What you should do
Print exactly the lines below between the line containing "元屋ビル新富町B1F～1F 間取り図" and the line containing "Установка и обслуживание", counting both of those lines. Leave pictures out.

Data to use
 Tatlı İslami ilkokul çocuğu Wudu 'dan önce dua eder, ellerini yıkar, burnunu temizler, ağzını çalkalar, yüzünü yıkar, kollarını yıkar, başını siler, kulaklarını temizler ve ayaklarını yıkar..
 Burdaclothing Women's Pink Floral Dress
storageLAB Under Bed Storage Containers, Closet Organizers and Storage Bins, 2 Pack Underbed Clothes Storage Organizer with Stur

* * *

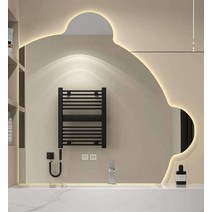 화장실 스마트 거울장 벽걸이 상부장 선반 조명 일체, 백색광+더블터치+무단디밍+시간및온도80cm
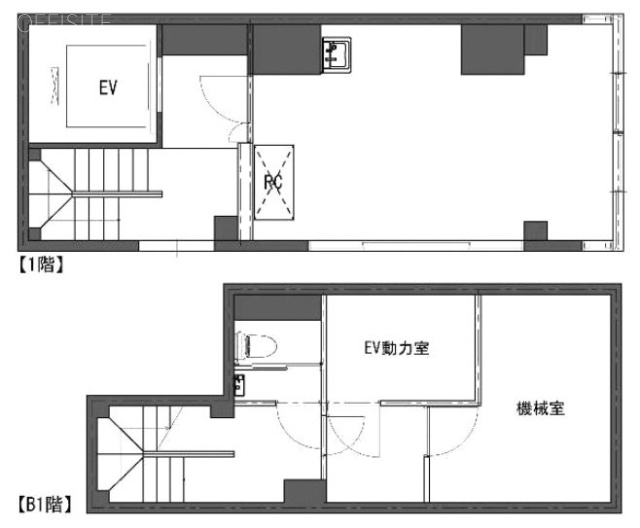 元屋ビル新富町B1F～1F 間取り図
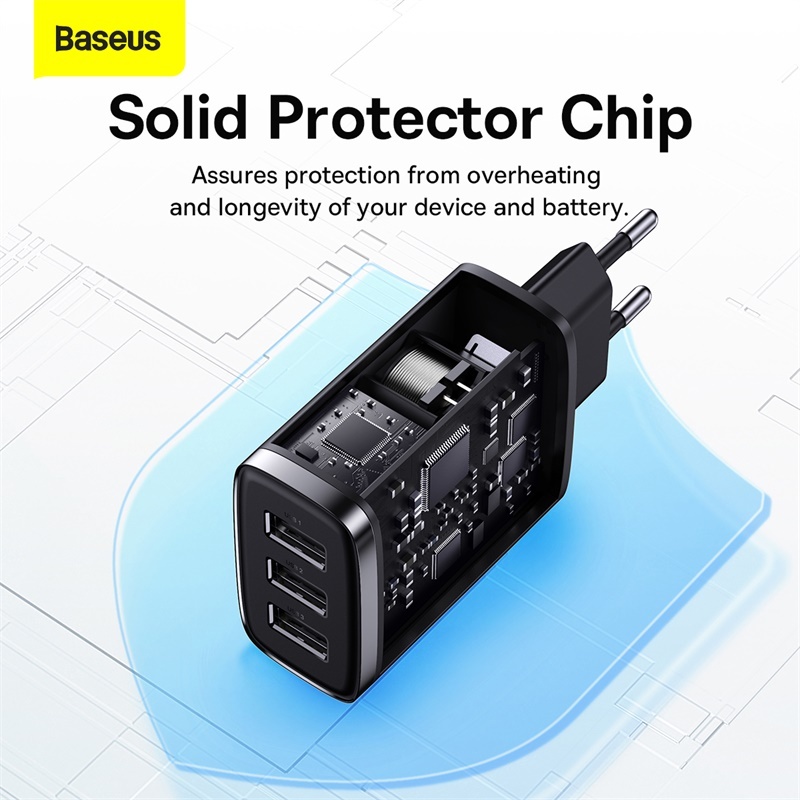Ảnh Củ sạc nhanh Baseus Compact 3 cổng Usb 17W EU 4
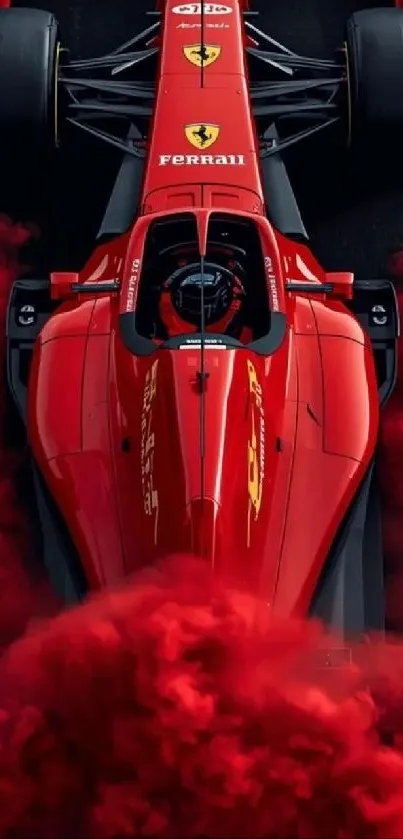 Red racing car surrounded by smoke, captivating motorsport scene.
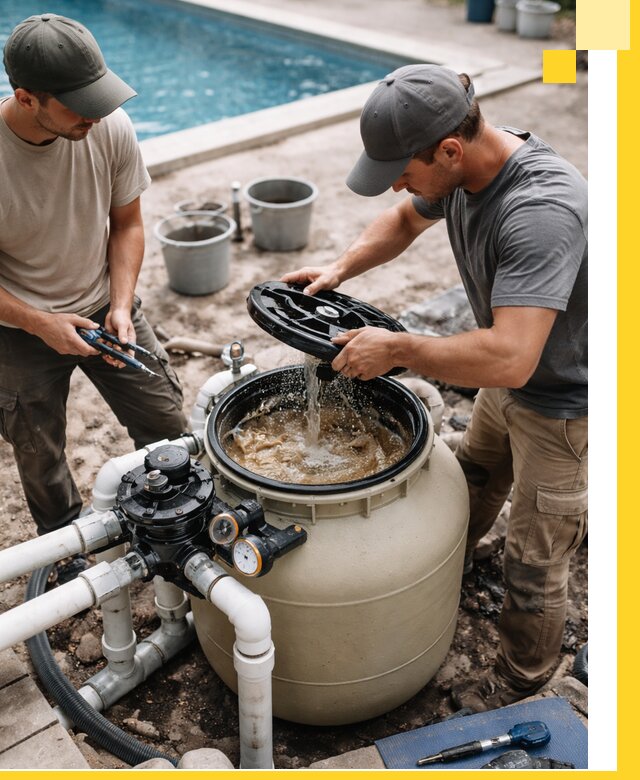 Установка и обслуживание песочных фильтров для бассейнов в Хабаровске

Result for this exercise
 元屋ビル新富町B1F～1F 間取り図
Ảnh Củ sạc nhanh Baseus Compact 3 cổng Usb 17W EU 4
 Red racing car surrounded by smoke, captivating motorsport scene.
 Установка и обслуживание песочных фильтров для бассейнов в Хабаровске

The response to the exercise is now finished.